According to Romy, the answer is a definite no.
"Contrary to what most people think, decriminalisation does not mean complete deregulation of the industry.
"Decriminalisation removes criminal penalties associated with consensual activity across all of the industry's sectors. Existing civil and business laws still apply and human trafficking, child exploitation and other serious offences remain criminal and councils would continue to regulate where brothels can be located in the community."
So essentially, sex workers are free to see any adult, consenting client they choose, but they still have to pay their taxes like the rest of us.
Now in her mid-thirties, Celine works in New South Wales, where sex work is mostly decriminalised.
"When I started working in New South Wales, my knowledge and safety practises were catapulted forward tenfold, solely due to the community. The sense of support was massive.

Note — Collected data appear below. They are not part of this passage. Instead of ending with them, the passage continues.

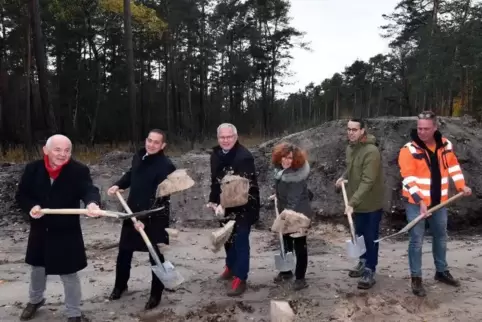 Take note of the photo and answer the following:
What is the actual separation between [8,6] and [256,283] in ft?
66.8

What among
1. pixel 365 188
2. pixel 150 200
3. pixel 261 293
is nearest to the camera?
pixel 150 200

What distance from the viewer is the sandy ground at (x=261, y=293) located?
14.3 feet

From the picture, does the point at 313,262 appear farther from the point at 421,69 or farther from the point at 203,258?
the point at 421,69

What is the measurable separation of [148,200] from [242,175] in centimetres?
98

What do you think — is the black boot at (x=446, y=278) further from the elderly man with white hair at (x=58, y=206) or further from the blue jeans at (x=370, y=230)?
the elderly man with white hair at (x=58, y=206)

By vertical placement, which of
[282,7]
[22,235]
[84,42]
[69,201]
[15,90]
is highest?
[282,7]

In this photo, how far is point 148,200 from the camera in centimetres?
Result: 442

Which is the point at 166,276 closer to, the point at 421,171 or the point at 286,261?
the point at 286,261

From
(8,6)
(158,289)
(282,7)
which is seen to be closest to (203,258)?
(158,289)

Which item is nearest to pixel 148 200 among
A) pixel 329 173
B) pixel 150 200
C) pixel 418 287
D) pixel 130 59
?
pixel 150 200

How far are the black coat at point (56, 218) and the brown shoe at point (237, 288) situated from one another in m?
1.59

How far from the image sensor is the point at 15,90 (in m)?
25.4

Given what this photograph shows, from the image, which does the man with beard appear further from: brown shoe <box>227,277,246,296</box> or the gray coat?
the gray coat

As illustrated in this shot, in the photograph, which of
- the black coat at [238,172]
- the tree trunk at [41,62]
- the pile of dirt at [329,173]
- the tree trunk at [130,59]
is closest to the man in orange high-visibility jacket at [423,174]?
the black coat at [238,172] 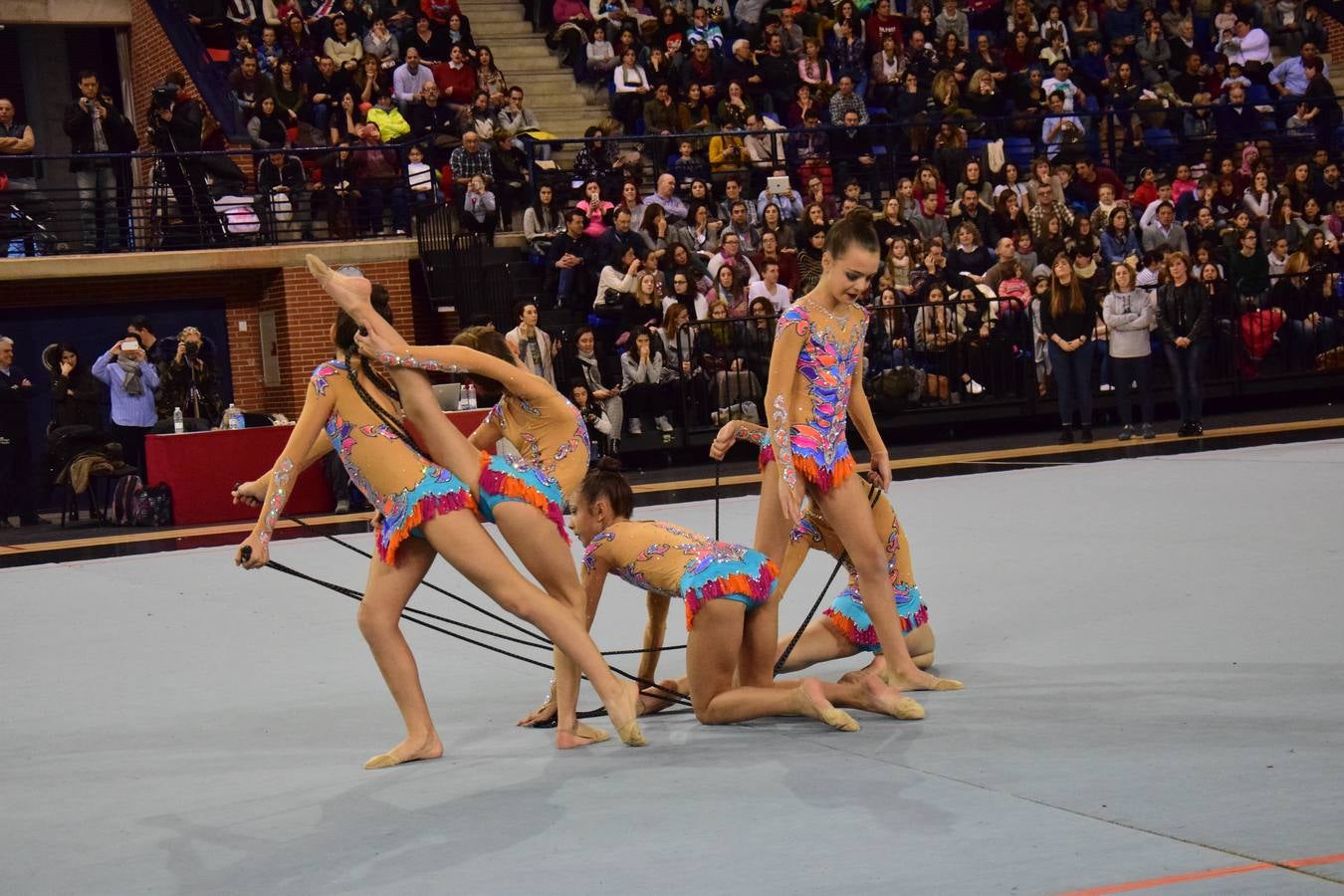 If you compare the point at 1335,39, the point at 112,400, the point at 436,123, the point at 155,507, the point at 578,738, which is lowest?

"I felt that workers here were so much safer and even more experienced in supporting each other, because they had come up in a more supportive environment."
"Plus, the specialist health services are an absolute godsend," she added, explaining that in criminalised states she had been met with arguments when requesting sexual health tests that are considered standard in the industry.

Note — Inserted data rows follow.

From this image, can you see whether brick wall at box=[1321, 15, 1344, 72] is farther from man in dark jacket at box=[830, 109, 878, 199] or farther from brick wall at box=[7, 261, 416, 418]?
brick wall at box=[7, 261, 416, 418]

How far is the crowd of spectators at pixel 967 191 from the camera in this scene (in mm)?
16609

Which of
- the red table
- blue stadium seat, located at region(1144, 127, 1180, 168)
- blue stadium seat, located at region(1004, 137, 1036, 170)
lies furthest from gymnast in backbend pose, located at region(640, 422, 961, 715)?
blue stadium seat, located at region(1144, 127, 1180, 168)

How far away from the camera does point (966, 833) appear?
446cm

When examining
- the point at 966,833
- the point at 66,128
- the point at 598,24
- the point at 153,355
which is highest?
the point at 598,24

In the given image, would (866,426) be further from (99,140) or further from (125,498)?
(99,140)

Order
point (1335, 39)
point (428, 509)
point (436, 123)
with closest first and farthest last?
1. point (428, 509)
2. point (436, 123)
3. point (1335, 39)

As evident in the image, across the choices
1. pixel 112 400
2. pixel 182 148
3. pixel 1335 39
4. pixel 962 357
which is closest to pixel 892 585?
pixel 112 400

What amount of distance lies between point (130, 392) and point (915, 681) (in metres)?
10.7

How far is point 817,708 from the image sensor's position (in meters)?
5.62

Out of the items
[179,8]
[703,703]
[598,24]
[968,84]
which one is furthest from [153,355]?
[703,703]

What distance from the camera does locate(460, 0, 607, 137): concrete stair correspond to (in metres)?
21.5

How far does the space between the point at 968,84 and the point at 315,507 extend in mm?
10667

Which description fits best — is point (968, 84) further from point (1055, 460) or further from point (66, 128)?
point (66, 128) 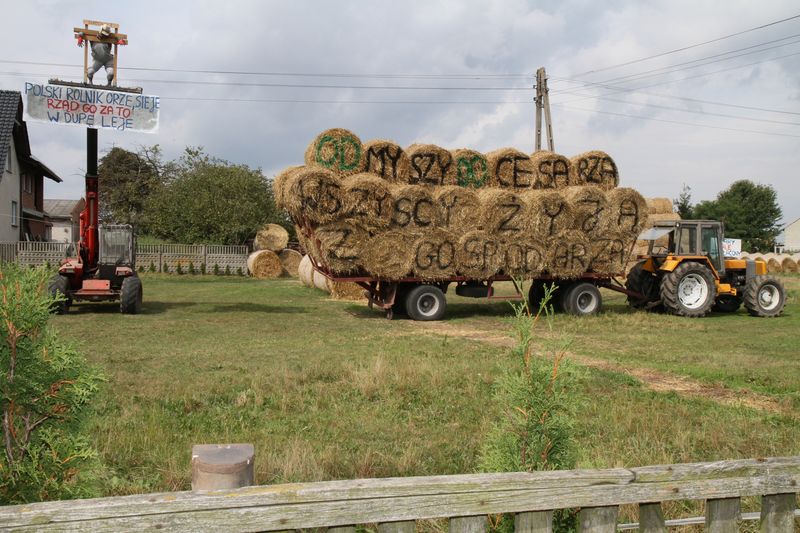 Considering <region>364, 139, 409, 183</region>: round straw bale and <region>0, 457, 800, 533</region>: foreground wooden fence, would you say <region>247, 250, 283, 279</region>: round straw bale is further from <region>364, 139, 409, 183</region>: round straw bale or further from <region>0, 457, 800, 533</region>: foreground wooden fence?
<region>0, 457, 800, 533</region>: foreground wooden fence

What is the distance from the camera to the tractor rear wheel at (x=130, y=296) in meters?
14.2

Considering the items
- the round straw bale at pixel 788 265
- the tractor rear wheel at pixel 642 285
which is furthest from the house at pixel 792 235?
the tractor rear wheel at pixel 642 285

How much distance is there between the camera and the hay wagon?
1459cm

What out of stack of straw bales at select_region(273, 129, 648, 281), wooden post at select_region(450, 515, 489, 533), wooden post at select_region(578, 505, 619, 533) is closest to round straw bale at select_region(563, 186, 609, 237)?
stack of straw bales at select_region(273, 129, 648, 281)

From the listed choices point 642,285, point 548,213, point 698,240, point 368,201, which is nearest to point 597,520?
point 368,201

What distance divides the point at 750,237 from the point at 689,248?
6527 cm

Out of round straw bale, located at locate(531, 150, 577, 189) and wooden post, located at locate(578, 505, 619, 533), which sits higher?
round straw bale, located at locate(531, 150, 577, 189)

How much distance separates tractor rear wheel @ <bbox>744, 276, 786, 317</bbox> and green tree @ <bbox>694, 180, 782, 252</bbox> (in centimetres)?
6284

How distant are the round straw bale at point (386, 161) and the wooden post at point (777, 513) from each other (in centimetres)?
1206

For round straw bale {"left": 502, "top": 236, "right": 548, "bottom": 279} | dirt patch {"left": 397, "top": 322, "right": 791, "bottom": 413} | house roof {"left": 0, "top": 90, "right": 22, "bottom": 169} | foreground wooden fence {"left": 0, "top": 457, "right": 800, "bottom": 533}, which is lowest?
dirt patch {"left": 397, "top": 322, "right": 791, "bottom": 413}

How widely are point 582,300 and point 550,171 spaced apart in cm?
317

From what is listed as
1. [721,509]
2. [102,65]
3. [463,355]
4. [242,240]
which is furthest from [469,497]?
[242,240]

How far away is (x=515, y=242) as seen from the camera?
48.3 feet

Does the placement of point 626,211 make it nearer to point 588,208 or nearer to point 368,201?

"Doctors and health practitioners who are profoundly experienced [with sex workers] are able to provide far better healthcare. When health practitioners are open to discussion, educated in the industry, and non-judgemental, workers feel safer speaking openly about their industry-related health issues."

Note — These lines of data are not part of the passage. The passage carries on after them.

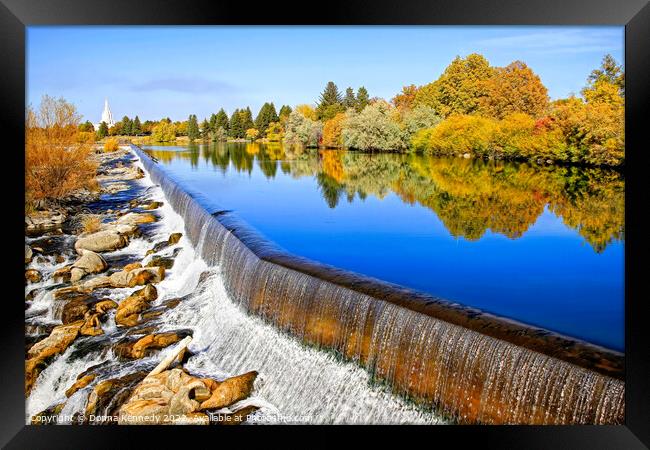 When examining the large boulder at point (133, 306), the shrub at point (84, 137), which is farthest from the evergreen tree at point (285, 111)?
the large boulder at point (133, 306)

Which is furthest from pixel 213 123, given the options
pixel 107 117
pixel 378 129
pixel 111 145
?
pixel 378 129

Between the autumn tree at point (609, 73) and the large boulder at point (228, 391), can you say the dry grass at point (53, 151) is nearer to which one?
the large boulder at point (228, 391)

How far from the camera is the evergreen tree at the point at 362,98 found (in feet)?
62.2

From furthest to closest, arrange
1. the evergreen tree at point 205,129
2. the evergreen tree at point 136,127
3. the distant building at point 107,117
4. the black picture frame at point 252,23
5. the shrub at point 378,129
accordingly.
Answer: the evergreen tree at point 205,129 < the evergreen tree at point 136,127 < the shrub at point 378,129 < the distant building at point 107,117 < the black picture frame at point 252,23

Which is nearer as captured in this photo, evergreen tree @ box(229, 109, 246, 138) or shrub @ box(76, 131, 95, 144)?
shrub @ box(76, 131, 95, 144)

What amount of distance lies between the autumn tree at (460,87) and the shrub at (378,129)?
2140mm

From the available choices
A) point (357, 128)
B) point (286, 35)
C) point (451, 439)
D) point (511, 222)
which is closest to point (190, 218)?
point (286, 35)

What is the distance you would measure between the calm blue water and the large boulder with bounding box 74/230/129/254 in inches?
59.4

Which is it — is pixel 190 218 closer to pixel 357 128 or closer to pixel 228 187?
pixel 228 187

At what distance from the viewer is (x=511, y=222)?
319 inches

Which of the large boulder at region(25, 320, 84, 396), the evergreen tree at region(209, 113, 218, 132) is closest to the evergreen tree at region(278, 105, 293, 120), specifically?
the evergreen tree at region(209, 113, 218, 132)

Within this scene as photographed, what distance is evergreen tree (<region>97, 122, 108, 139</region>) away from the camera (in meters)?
15.2

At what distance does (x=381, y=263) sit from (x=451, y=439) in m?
2.81

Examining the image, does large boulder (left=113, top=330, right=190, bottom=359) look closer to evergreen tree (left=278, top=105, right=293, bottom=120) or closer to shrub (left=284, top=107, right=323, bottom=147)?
evergreen tree (left=278, top=105, right=293, bottom=120) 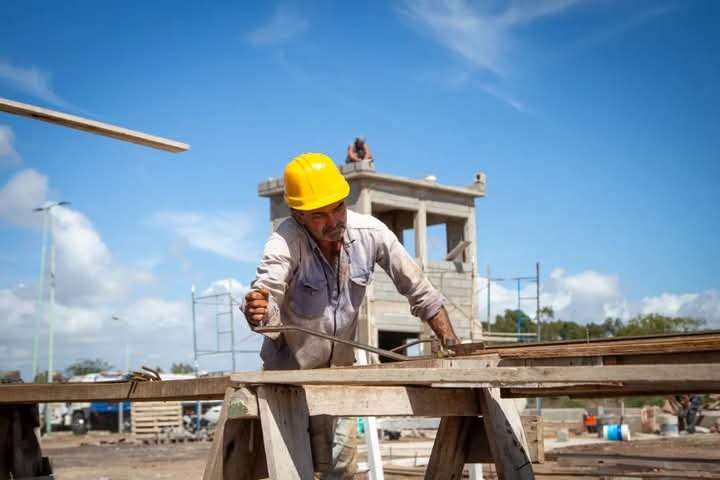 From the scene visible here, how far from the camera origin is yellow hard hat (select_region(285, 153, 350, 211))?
4402mm

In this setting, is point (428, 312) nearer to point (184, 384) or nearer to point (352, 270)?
point (352, 270)

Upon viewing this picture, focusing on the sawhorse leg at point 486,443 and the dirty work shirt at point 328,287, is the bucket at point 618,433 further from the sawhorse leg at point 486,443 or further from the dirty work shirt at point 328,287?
the sawhorse leg at point 486,443

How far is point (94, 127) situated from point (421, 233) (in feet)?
65.5

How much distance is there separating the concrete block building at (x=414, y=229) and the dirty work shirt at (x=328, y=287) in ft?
59.3

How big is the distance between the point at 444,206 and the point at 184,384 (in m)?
22.4

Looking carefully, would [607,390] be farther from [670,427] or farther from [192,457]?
[670,427]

Important, too, is the effect that work has had on Celine's mental health.
"Now, my years spent in this industry make me proud," she says.
"My career stands as a constant reminder of what I can accomplish, both despite and because of my mental illness.
"[Sex work] has helped me amplify my strengths, most notably interpersonal skills and empathy. I continue developing my brand. I'm constantly looking to upskill, both for myself and to provide the best service I can to my clients."
"I am happier than I have ever been. I greet regular clients as old friends.
"Yes, sexual services are often provided, but so is physical touch, emotional intimacy, and most importantly acknowledgment.
" In those moments we hold space for them, and send them back in to the world more able to face whatever they have to. I'm proud and grateful to be able to provide that."
- Names have been changed to protect identity
- The Scarlet Alliance provides information on the laws around sex work in Australia. You can find that here.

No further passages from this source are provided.